To fulfill this approach, it is necessary to accept people as they are, no matter how unfamiliar they may seem to you. If you find yourself unable to accept someone as they are even when they are not hurting you or anyone else, it is time to work on the concept of unconditional other acceptance. This includes people of different ethnicity, different sexual orientation, gender dysphoria, a different socioeconomic status, different religions, different political affiliation, different drugs of choice, different hobbies and so on. Anytime a colleague or friend heavily questioned a person that was extremely diverse from them I often used the phrase “You are thinking too hard about it, it’s not for you to understand”. The end. The fact of the matter is, people exist in this world that are quite different from you, and quite different from me, it does not make them wrong and us right. It just is what it is. To put any amount of effort into ‘forcing’ someone to be more like you would go against the value of unconditional other acceptance, it would hurt that person and it would drain your energy. It just does not make sense, period.
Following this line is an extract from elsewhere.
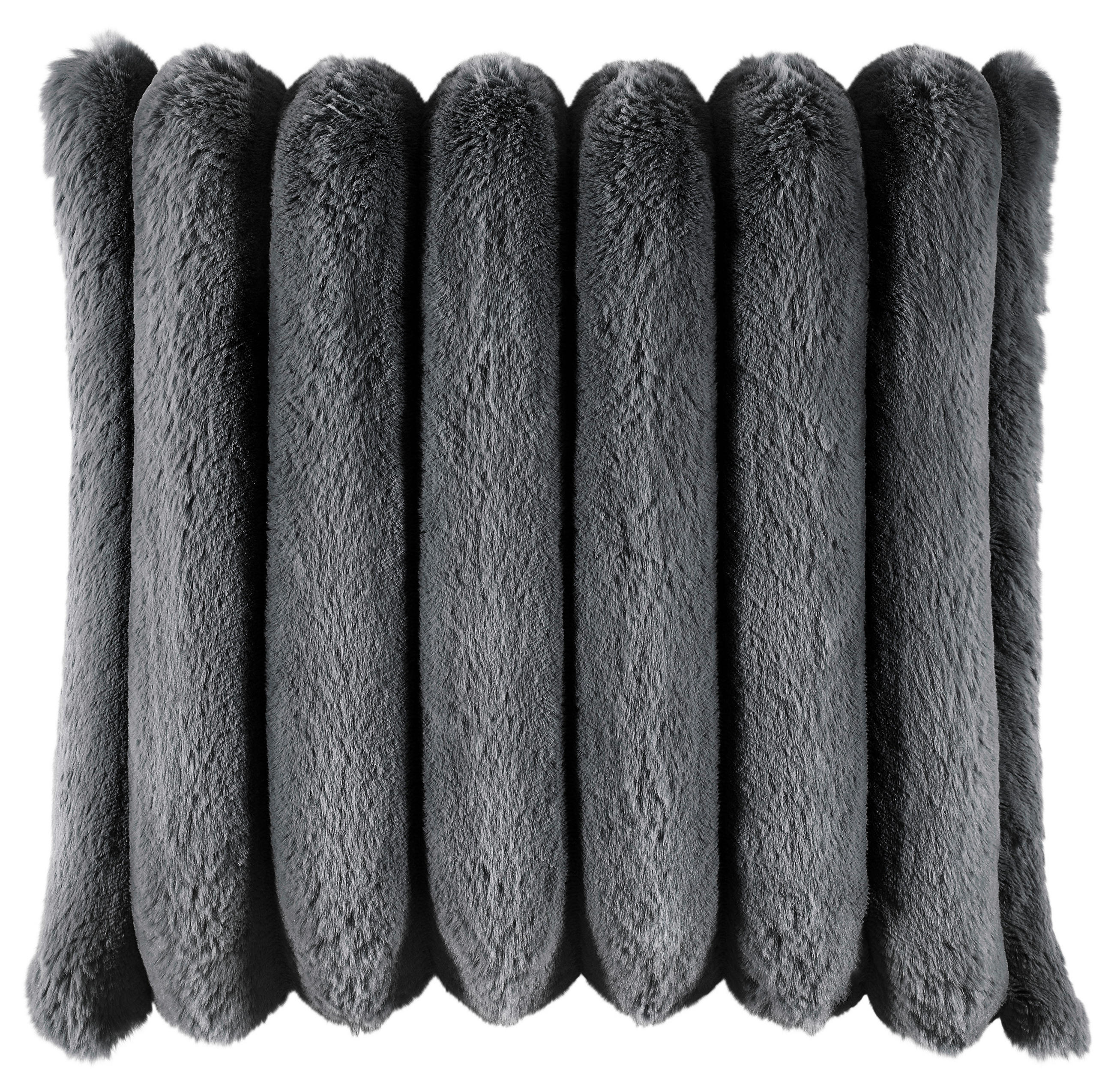 FELLKISSENBEZUG 48/48 cm  - Anthrazit, Textil (48/48cm) - Novel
Unconditional Self-acceptance in a humanistic approach
An important reminder that yes, you are a human. Yes, you do have human needs, you are not absolved of the responsibility of learning to accept yourself and treat yourself as you would the people you care about and love the most. As a matter of fact, you must learn to put yourself as the top priority, if you were never taught that, you have a ways to go. Unfortunately, it is extremely hard, but fortunately, not impossible. A part of the issue I had with being so offended also had to do with my lack of unconditional self-acceptance. Since I could not accept myself, it was extra hard to accept when others pointed out my flaws. I was often overcompensating and trying to live in denial of the traumas I had dealt with and the many symptoms that came with it.
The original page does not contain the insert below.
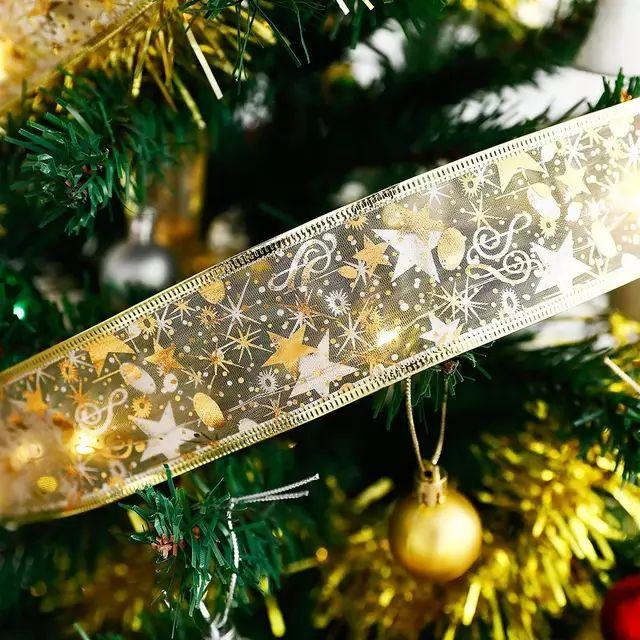 Рождественская декоративная лента, 3 м со светодиодными лампочками - фото 8 - id-p192680880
A lot of the work involved in this realm has to do with accepting our bodies, minds and souls and consciously reminding ourselves not to self-neglect these important aspects. Self-acceptance means accepting: our biological traits, our family of origin, our natural attributes, our deficiencies which we must work harder at than the average person, our traumas and our healing process as we are not anymore invincible than anyone else. We must accept that we like what we like (so long as it’s not criminal) and we also have non negotiables where we must enforce boundaries and protect our inner peace. There is a lot of work and reflection to be done in this realm, and it is often the hardest work we must face.
Unconditional acceptances are important for ourselves and others. It will lift a heavy burden if we can remain consistent with this concept and truly let go of what is out of our control and frankly, none of our business sometimes. I could have continued to stay that angry person that chose to be offended by everyone’s comments, language, tone of voice and so on. I chose a different way of viewing what was happening around me, the people around me, how I responded to any given situation/ confrontation. I chose to focus more on me, and to also remember that humans are fallible beings, the world is fallible, and that is why acceptance is so imperative to begin with.
One thought on “Unconditional Acceptances & Humanism”
Well written! I’m still working on some of those areas myself. Thanks for sharing more great advice.